Chapitre 33, partie 4

Jean-Kévin soupira, et les deux autres restèrent silencieux. Ils savaient ce qu'ils avaient à faire. Ils se mirent en position de garde, et le visage de Jean-Kévin se transforma, comme si il avait mis un masque. Un masque horriblement haineux et provocateur. Et enfin, la couche orange de protection auditive se dissipa, et la porte s'ouvrit en grand, laissant passer les trois gardes de tout à l'heure et un Inquisiteur en robe de prêtre orange-rouge. Ce dernier sourit en voyant Jean-Kévin.

« – Nous nous retrouvons, Kikoolol.

– Tiens donc, grogna ce dernier. Pru en personne.

– Vous vous connaissez ? » Demanda Lina à l'Inquisiteur qui recula de deux pas en la voyant.

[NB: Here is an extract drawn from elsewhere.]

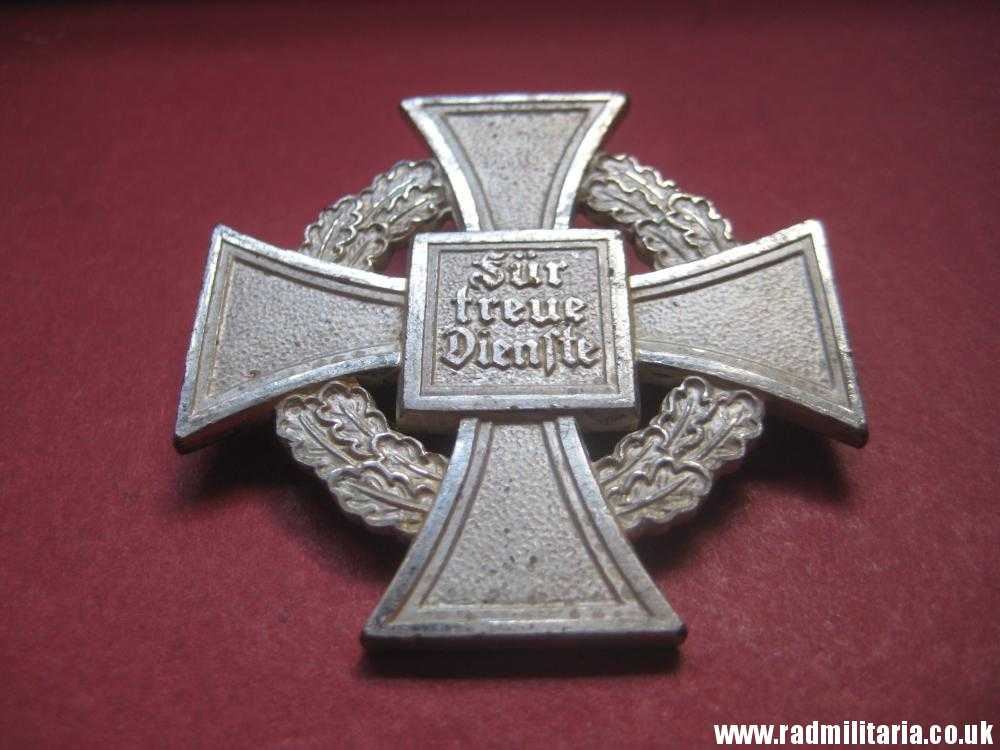 & WW2 German FAITHFUL SERVICE DECORATION - FUR TREUE DIENSTE, metal detecting find (no.4) - Image 2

Jean-Kévin eut un rire sans joie.

« – Un de mes anciens partisans.

– Cesse donc avec tes mensonges ! » S'exclama le dénommé Pru.

Lina le regarda de plus près. L'homme avait été virulent, les yeux pleins de haine fixés sur Jean-Kévin. Pourtant, ses mains tremblaient, et une fine pellicule de sueur recouvrait sa peau pâle. La générale haussa les épaules. Entre Jean-Kévin et un Inquisiteur de la Flamme, il était facile de deviner à qui elle ferait le plus confiance.

Baku actionna le fauteuil et les deux voyageurs suivirent Pru et les trois gardes, le premier paradant d'un air triomphant et se permettant même de cracher devant la cellule du maréchal enfermé, les trois autres entourant Jean-Kévin avec appréhension, armes levées, comme si ils craignaient à tout moment un soulèvement. Mais il ne bougea pas. Tout juste se contenta t'il de grogner sur Pru à chaque fois que ce dernier paradait.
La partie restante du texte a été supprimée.